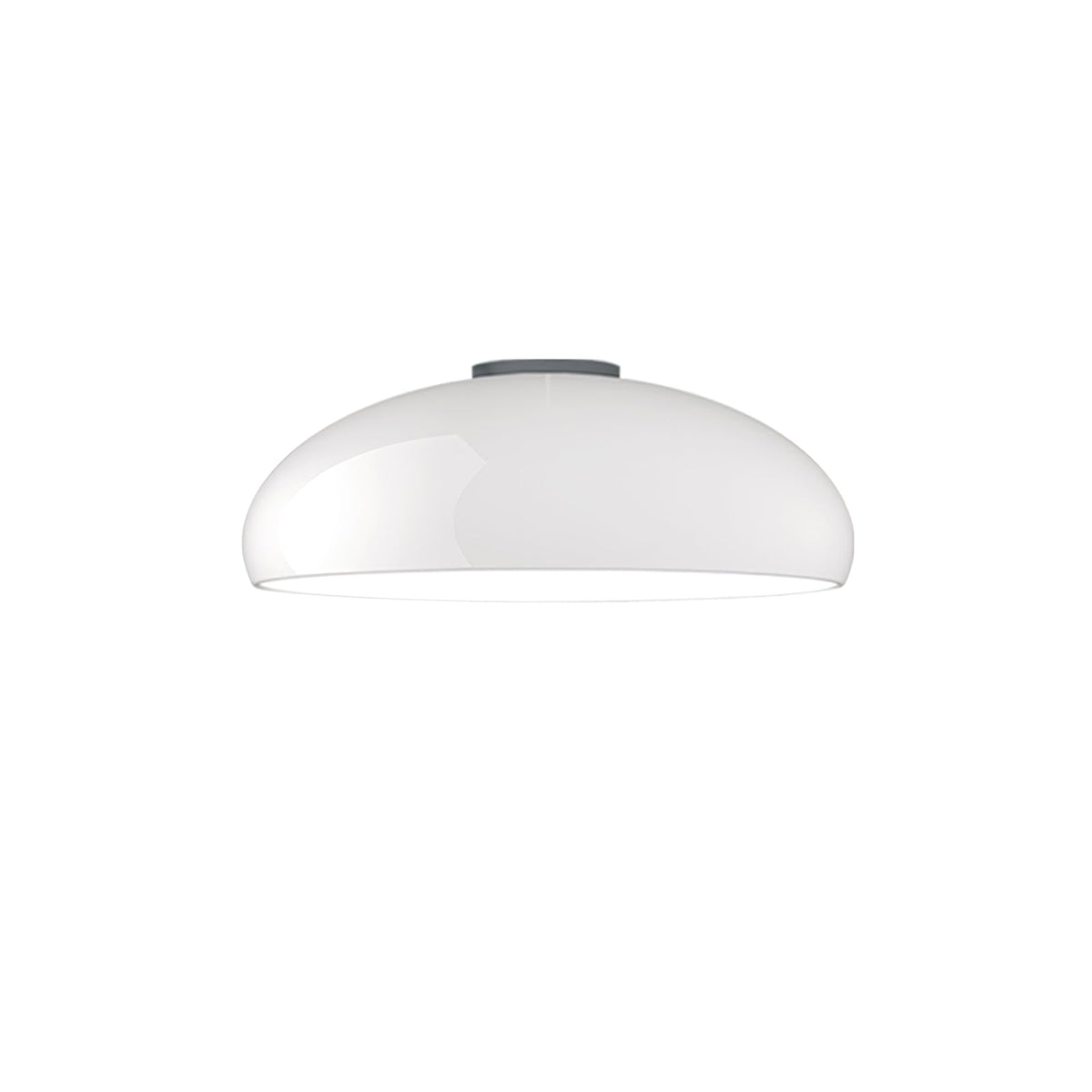 Tevenor Modern Minimalist Ceiling Lamp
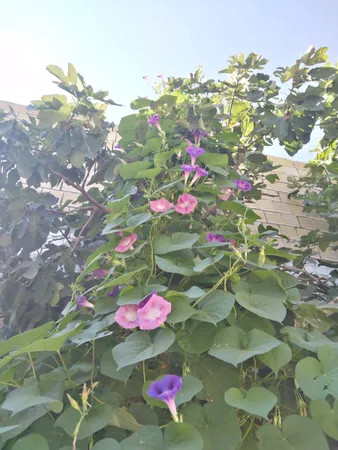 بذر گل نیلوفر رونده الوان گلبرگ پامچال کد GPF-093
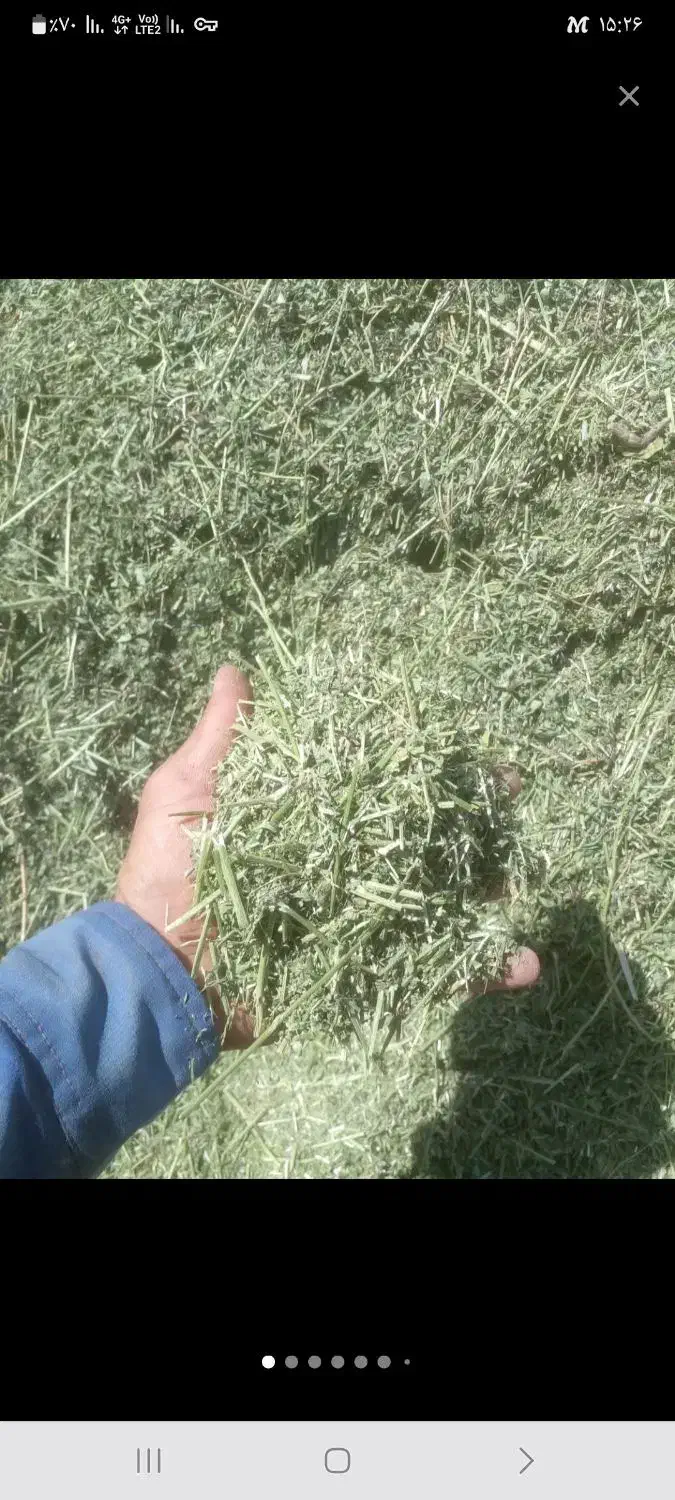 کاه یونجه|حیوانات مزرعه|بهمن صغاد, |دیوار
* * * *
Exercise goal:
Output the whole listing exactly. Pictures stay out.

Answer space:
 Tevenor Modern Minimalist Ceiling Lamp
 بذر گل نیلوفر رونده الوان گلبرگ پامچال کد GPF-093
 کاه یونجه|حیوانات مزرعه|بهمن صغاد, |دیوار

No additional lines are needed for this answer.